Saturday, February 13, 2016

Argentine Noir: Never Open that Door

It is a two-part triptych. Obviously, it was intended to be a trio of Cornell Woolrich (a.k.a. William Irish) short story adaptations, but in early 1950s Argentina, there was even greater pressure on filmmakers to conform to manageable running times. At least Carlos Hugo Christensen’s original vision was more or less preserved. One segment became its own film and the other two were released as a strange matching pair. Yet, the parallels between the constituent stories work rather well together in Never Open that Door, which screens as part of MoMA’s current retrospective, Death is My Dance Partner: Film Noir in Postwar Argentina.

Once the seventy-three minute If I Die Before I Wake was split off, Door became a lean and most definitely mean eighty-five minutes of hard-bitten noir goodness. The first segment is very much in the tradition of Alfred Hitchcock Presents and the various incarnations of Lucille Fletcher’s Sorry, Wrong Number, but it also has a number of night club scenes for extra swinging fun.

In “Someone’s on the Phone,” grown siblings Raul and Luisa have a wildly dysfunctional, vaguely incestuous relationship.
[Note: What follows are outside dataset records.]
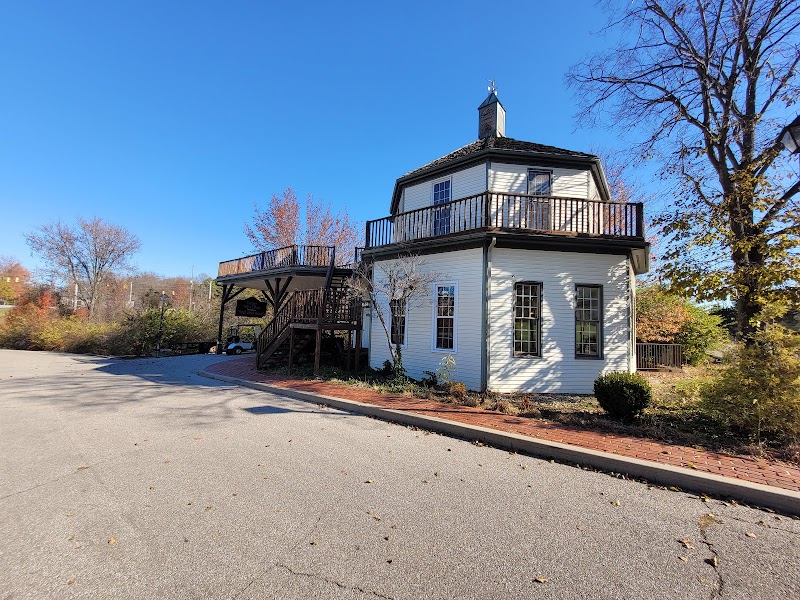 Century Suites Hotel in Bloomington, United States
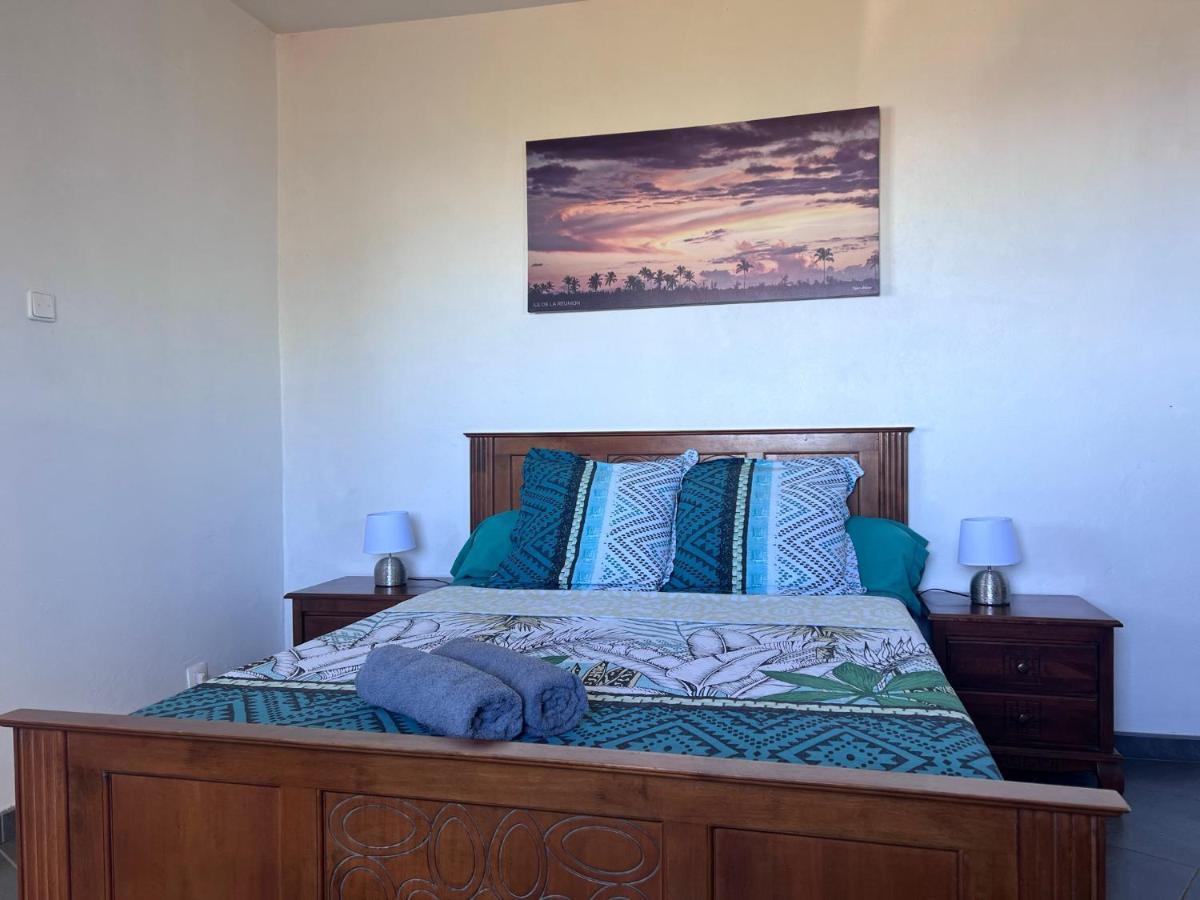 Ferme L'Eau De Coco Bed & Breakfast Saint-Paul Bagian luar foto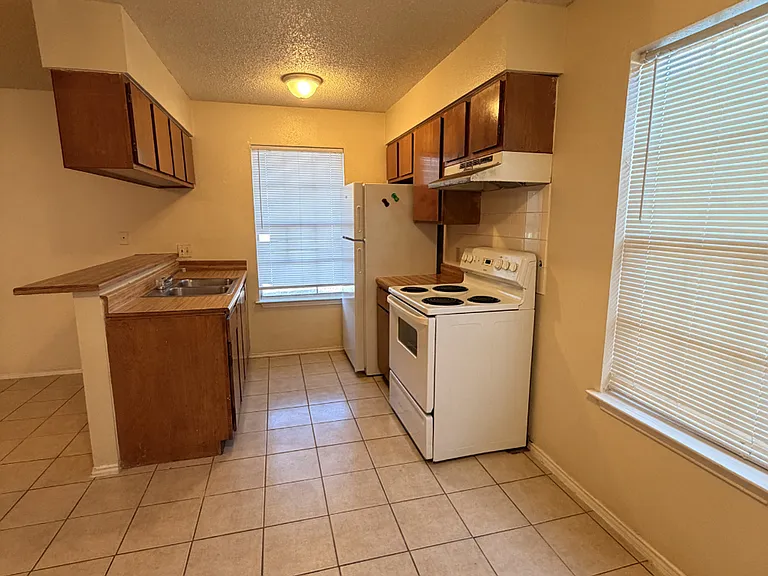 808 W Olmos Dr — Photo 13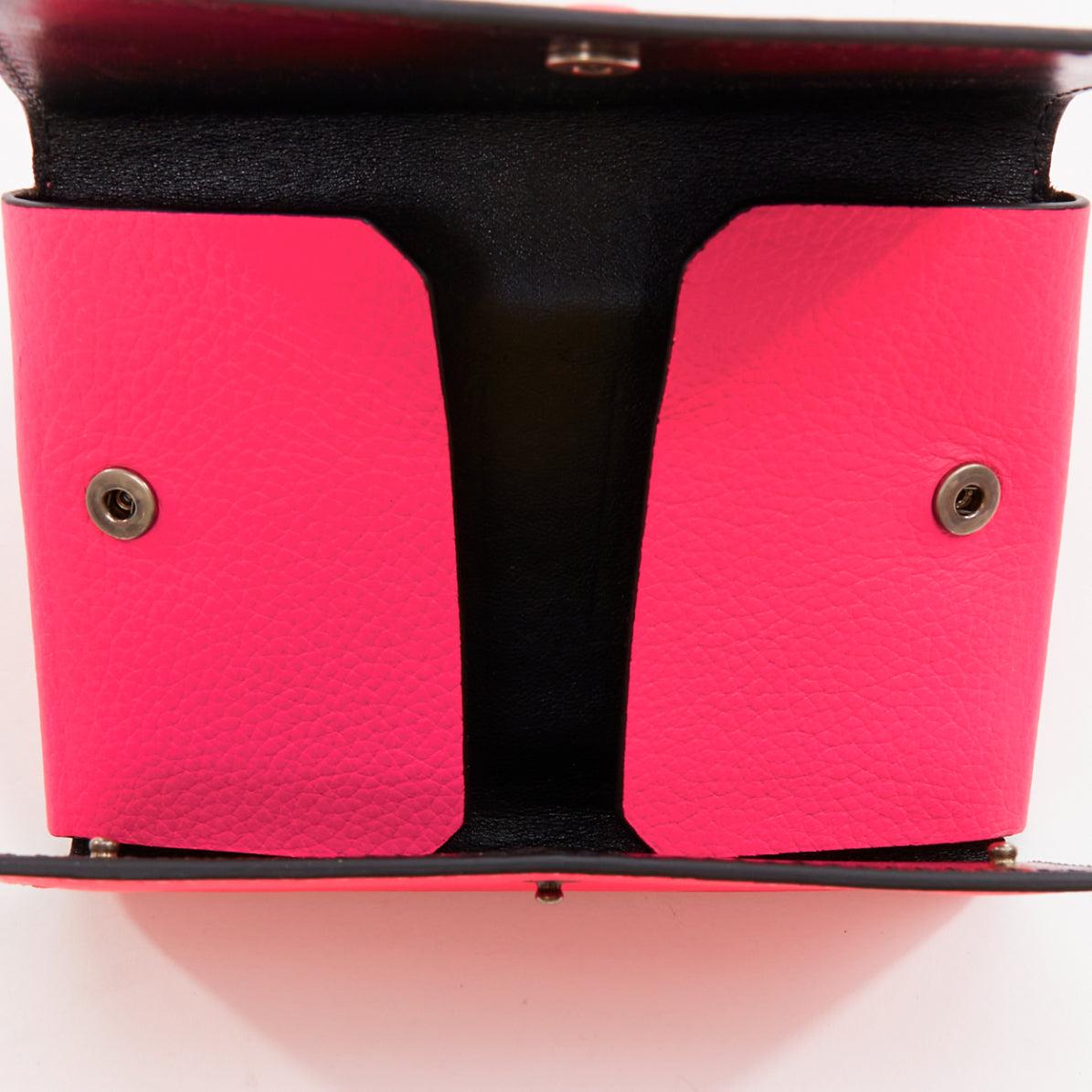 Portafoglio a 4 lembi CELINE in pelle granulata rosa caldo con logo argento in vendita 2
They both live in their absentee parents’ spectacularly cinematic town house (that sort of looks like a Trader Vic’s as designed by le Corbusier), but lead separate wastrel lives. However, their privileged existence is shattered when Luisa’s mounting gambling debts culminate in her suicide. Bitterly regretting his own ineffectualness, Raul sets out to kill her tormenting mystery caller. Irony will be involved.
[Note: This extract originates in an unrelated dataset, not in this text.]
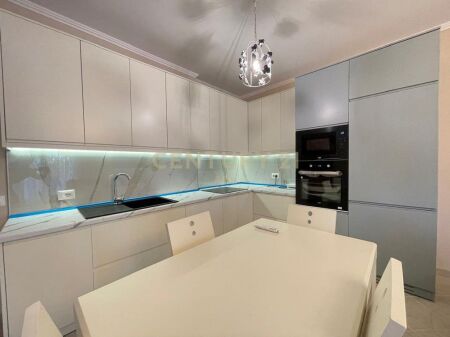 SHESIM APARTAMENT 3+1+2 PRANE RADISSONIT, LIQENI I THATE!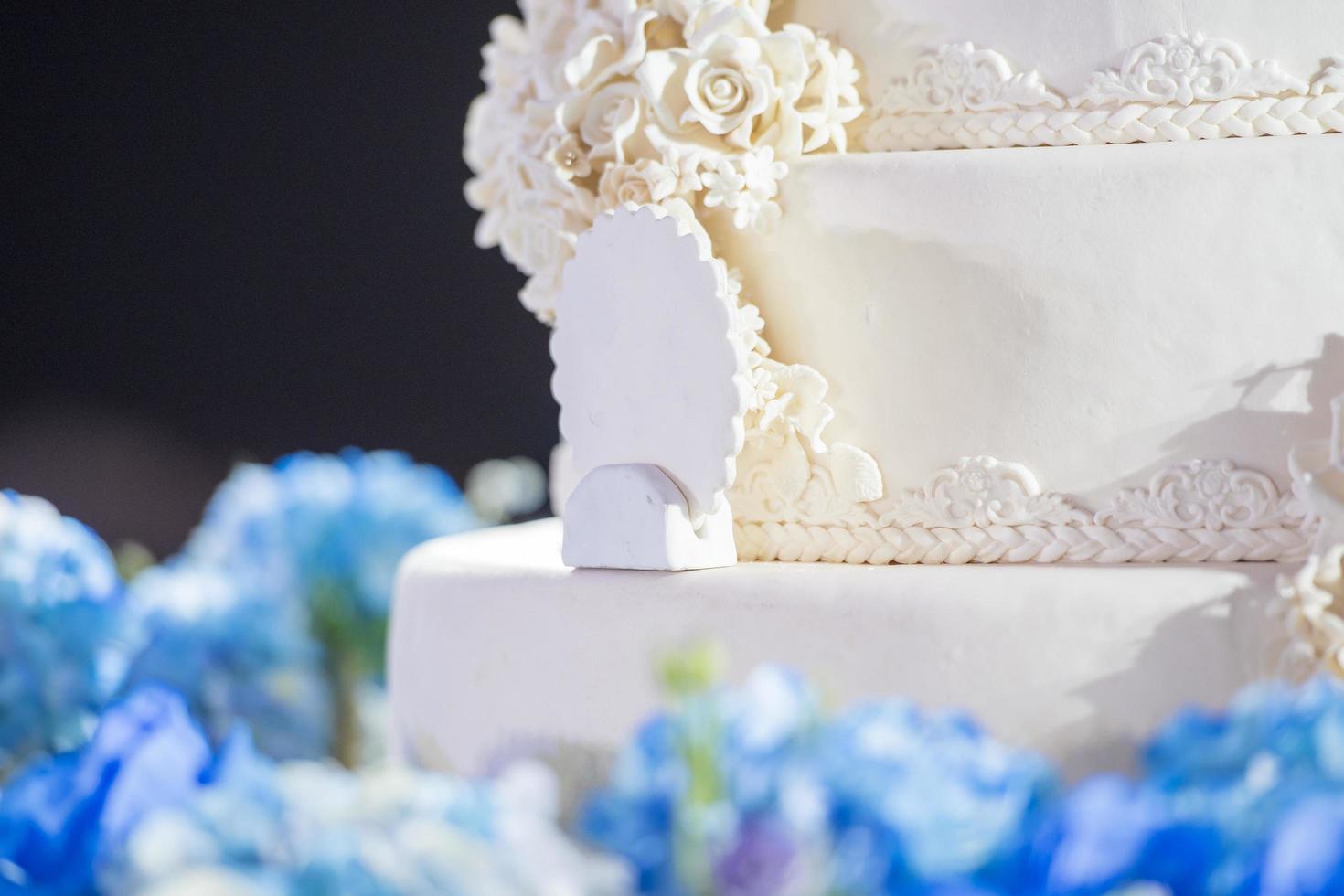 gâteau de mariage blanc avec fleur photo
Many consider “Phone” the weakest of the two-film anthology, but it might be the most stylish of the lot. The big band Latin jazz is hot and Pablo Tabernero’s slick noir cinematography is super-cool. Production designer Gori Muñoz and his team also crafted an ominously decadent environment perfect for the genre.
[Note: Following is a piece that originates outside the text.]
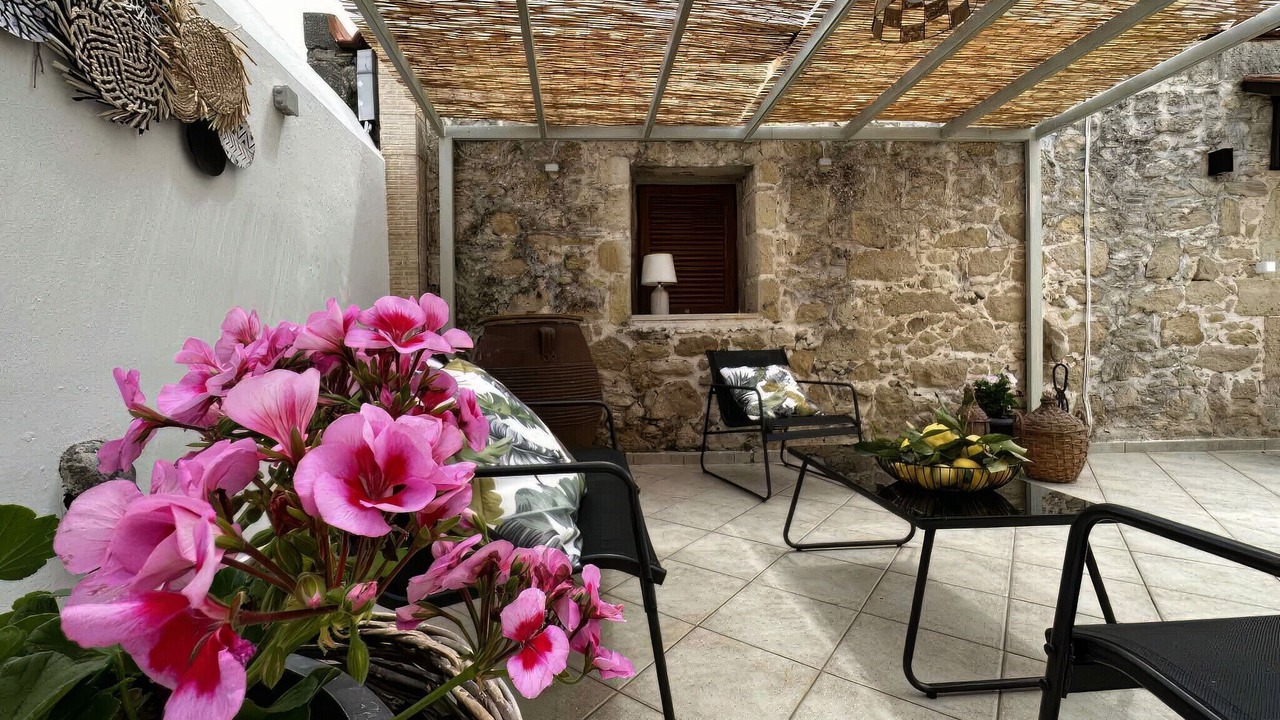 Photo of Outdoor in Pigouniana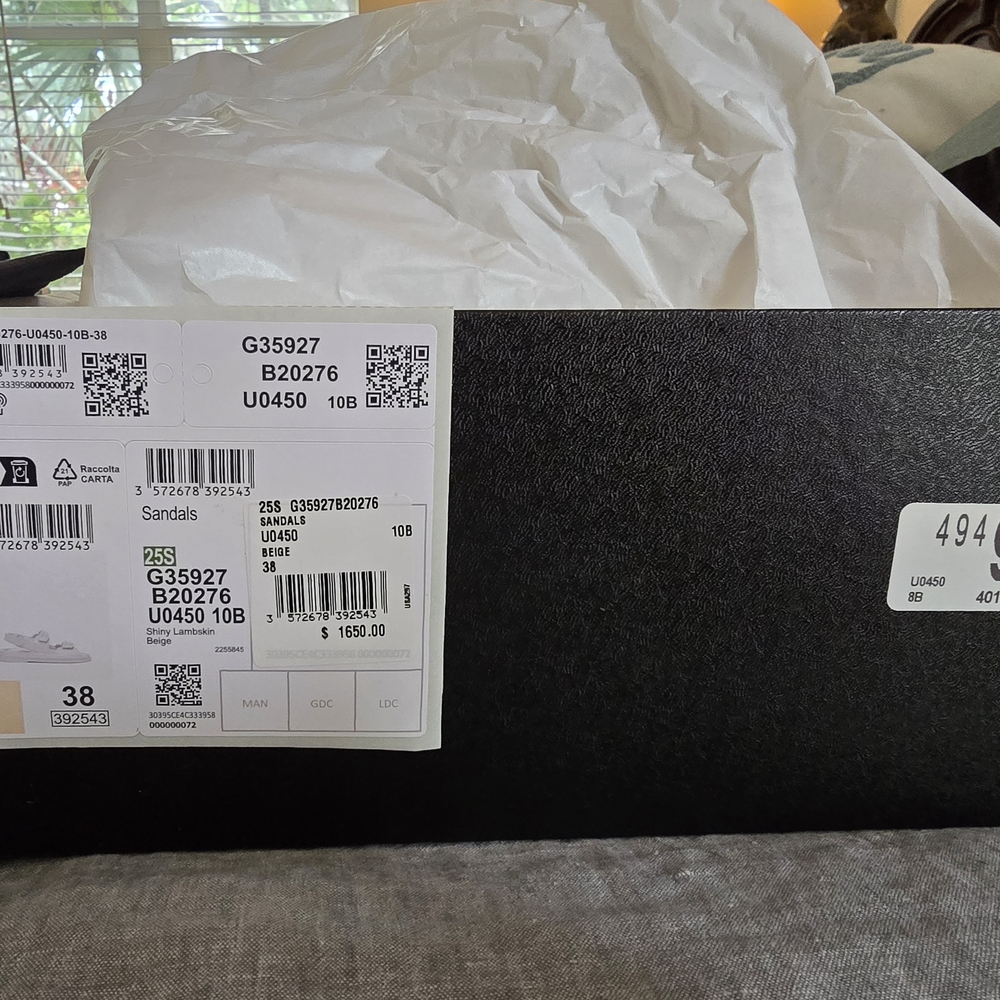 Chanel Beige Sandals with Gold Logo - Picture 5 of 5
Family relations remain problematic in “The Hummingbird Comes Home.” Blind Rosa is a virtuous widow, who lives with her devoted niece and memories of her beloved son Daniel. After eight years without contact, Daniel suddenly returns, along with two gangster associates (one of whom is unlikely to see the sun rise) and a bullet-riddled car. Despite her love for her son, Rosa is not blind to the circumstances. To save her niece, she will turn the tables on the criminals during the dark of night—when the advantage shifts to her, assuming everything goes as planned.

Once Mother Rosa kills the power, Christensen stages some wonderfully tense and skillful cat-and-mouse skulking sequences. He and Tabernero evoke a sense of her unsighted POV, while clearly conveying the action to viewers. These are scenes that are worth close study. Of course, Ilde Pirovano is the crucial X-factor as the sainted but resourceful mother.

Structurally, it is a little weird to have the considerably shorter “Phone” stuck together with the longer “Hummingbird,” but they are both crackerjack noirs, so they never clash in terms of tone or aesthetics. It is still tough to beat Hitchcock’s Rear Window or Truffaut’s Mississippi Mermaid, but Never Open that Door definitely ranks close behind amongst the many film and television adaptations of Woolrich/Irish stories and novels. Happily it has been preserved and partially restored for future fans by the Film Noir Foundation. Highly recommended, Never Open that Door screens again this Tuesday afternoon (2/16), at MoMA.